La casa dove visse Vanda e il padre Giuanne - foto Diego Pittalis
La perlustrazione del paese continua. Tutte le case dell'abitato vengono pequisite, ne mancano solo cinque, non serve controllarle perchè sono quelle delle donne di chiesa quindi la ricerca può già, dolorosamente, dichiararsi conclusa e con un'unica sentenza: Vanda è nelle mani di criminali, sparita in chissà quale grotta di campagna in attesa del pagamento di riscatto.
Il brigadiere del paese, però, è uno di quei pedissequi applicatori del protocollo ed esige che nulla si lasci intentato, chiede dunque che sia riaperta ogni abitazione.
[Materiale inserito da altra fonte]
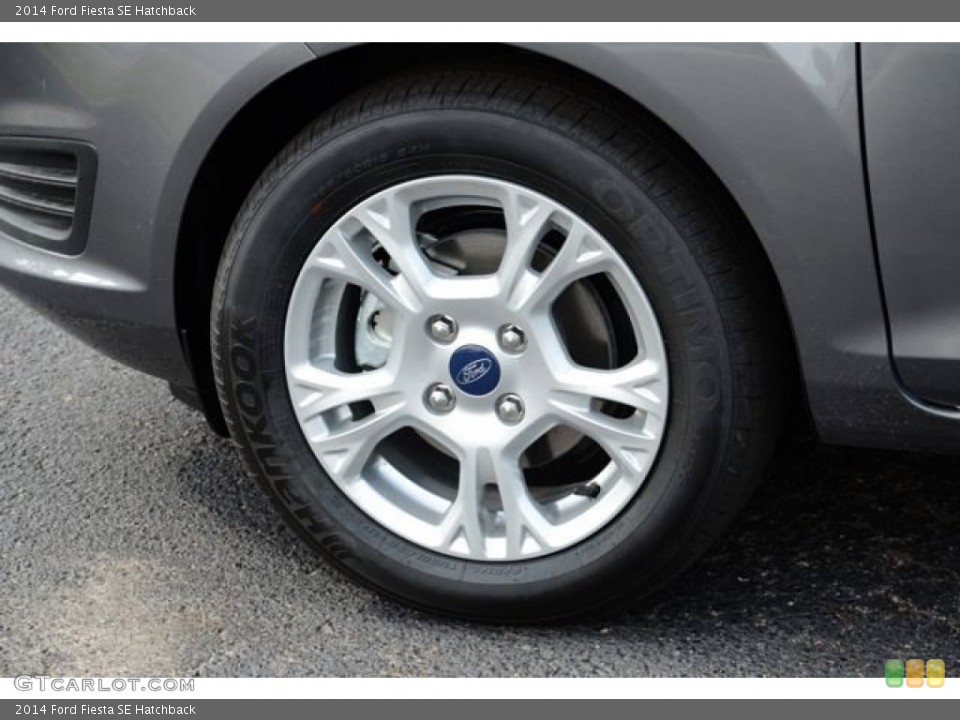 2014 Ford Fiesta SE Hatchback Wheel and Tire Photo #85954221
Peppa Rosa Ziulu, la vicina, la ritiene una misura superflua ma accetta mostrando solo un imbarazzato pudore per la modestia della propria dimora. Accompagna i carabinieri in un frettoloso tour tra le poche stanze e gli anticipa all'uscita.
Gli uomini in divisa indugiano però davanti al sottoscala. La formalità imposta dalla situazione e la scarsa illuminazione della lanterna li costringono a fare tutto con lentezza, pensa Peppa Rosa.
La verità è differente. Viene rinvenuto il corpicino decapitato della piccola Vanda, avvolto in un lenzuolo e nascosto sapientemente nel sottoscala.
«Abbiamo ucciso Vanda con un istrale (una falce, ndr.). Non voleva morire. Preide Giuanne Ispanu mi aveva promesso che con i soldi di Meri Serra saremmo andati in America. Lì i preti si possono sposare»,
depose al processo Peppa Rosa.
In paese sapevano tutti che per il parroco Giovanni Spanu la beghina era qualcosa in più di una servizievole presenza. Peppa Rosa era conosciuta da tutti come una donna ignorante e davanti ai giudici esibisce, come una medaglia al valore, il suo esser stata la prediletta del parroco del paese, lei scelta tra tutte, e decide di ricompensare quell'attenzione collaborando all'uccisione di Vanda, colomba pura e vittima innocente che lottò mentre don Spanu la teneva ferma e lei la decapitava con la falce.
Peppa Rosa, nera come un corvo nella corazza del suo scialle, dichiarò al giudice: "Lo ho fatto per amore".

Vennero condannati entrambe all'ergastolo, il 19 marzo 1926, con una sentenza di cui, come per tutti i momenti della vicenda, il rapimento di Vanda compreso, non c'è alcuna traccia sulla stampa. Giuanne pare vittima di quella politica che ha servito con onestà e che ora ne ha censurato la disperazione con il silenzio più assordante.
Tutti hanno un ruolo e una maschera nella macabra danza dell'ipocrisia di un paese, che forse vedeva e taceva. Chi non portava la maschera non ha trovato posto nella commedia e cade a terra come un giglio reciso tra le fertili valli del Guilcer.